BEGIN RECORDS TO USE
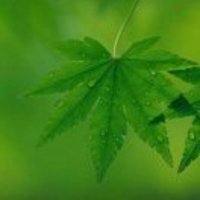 969600837a0c3739292a07b8c464f928c3d84f5c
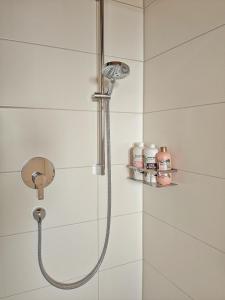 a shower with a shower head in a bathroom at Cosy cottage in the countryside near Landsberg in Schwifting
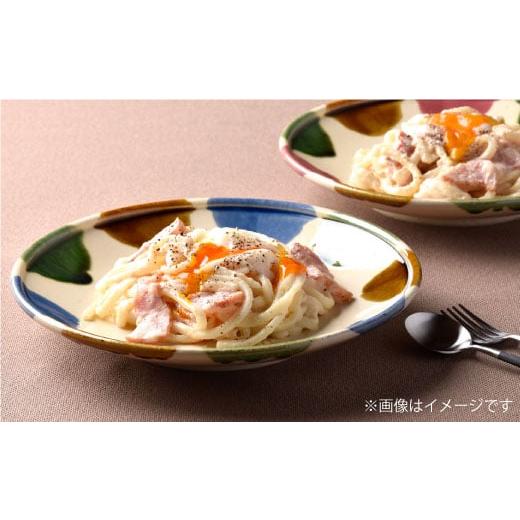 ふるさと納税 食器・グラス 皿 長崎県 波佐見町  波佐見焼 民芸彩り プレート ペア カレー皿 パスタ皿 食器 利左エ門窯 QB27の画像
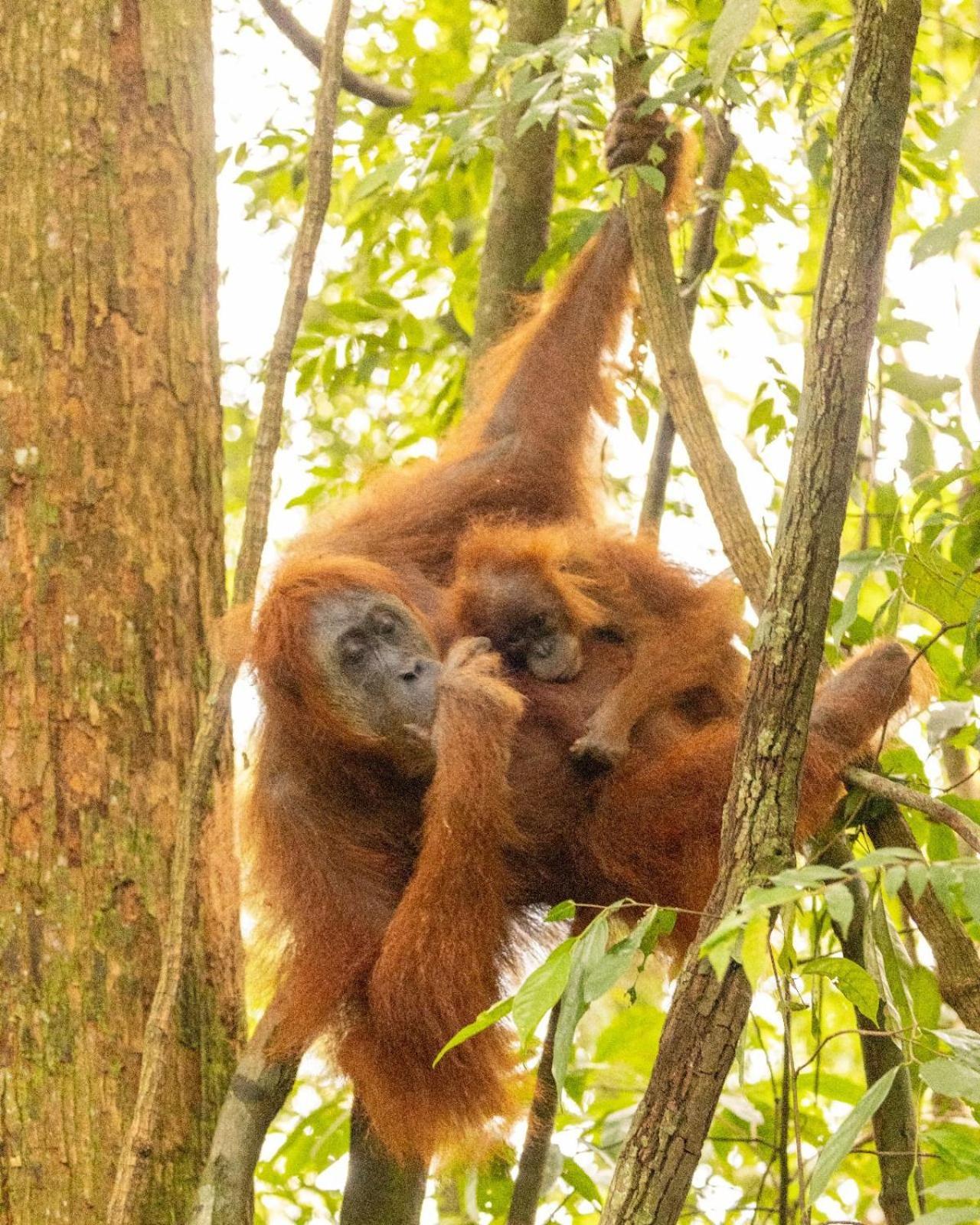 Pongo Guest House & Jungle Trekking Bukit Lawang Ngoại thất bức ảnh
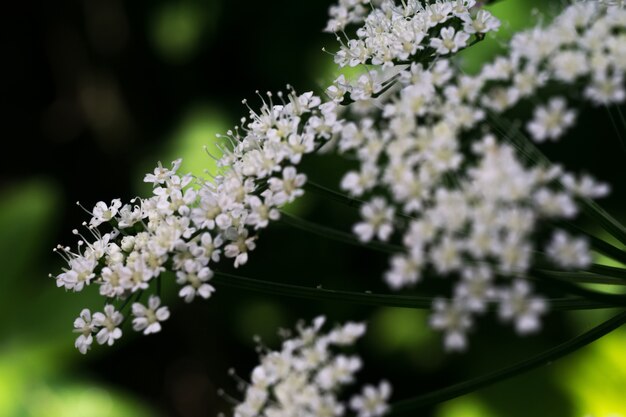 Fiori bianchi di infiorescenza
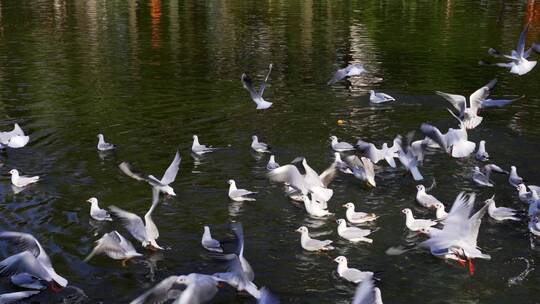 昆明翠湖公园飞翔的海鸥升格慢动作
END RECORDS TO USE
> DIRECTIONS FOR THIS TASK
Copy exactly the lines running from the line with "Fiori bianchi di infiorescenza" to the final line of the listing, keeping both ends and dropping any picture.

> EXERCISE RESULT
 Fiori bianchi di infiorescenza
 昆明翠湖公园飞翔的海鸥升格慢动作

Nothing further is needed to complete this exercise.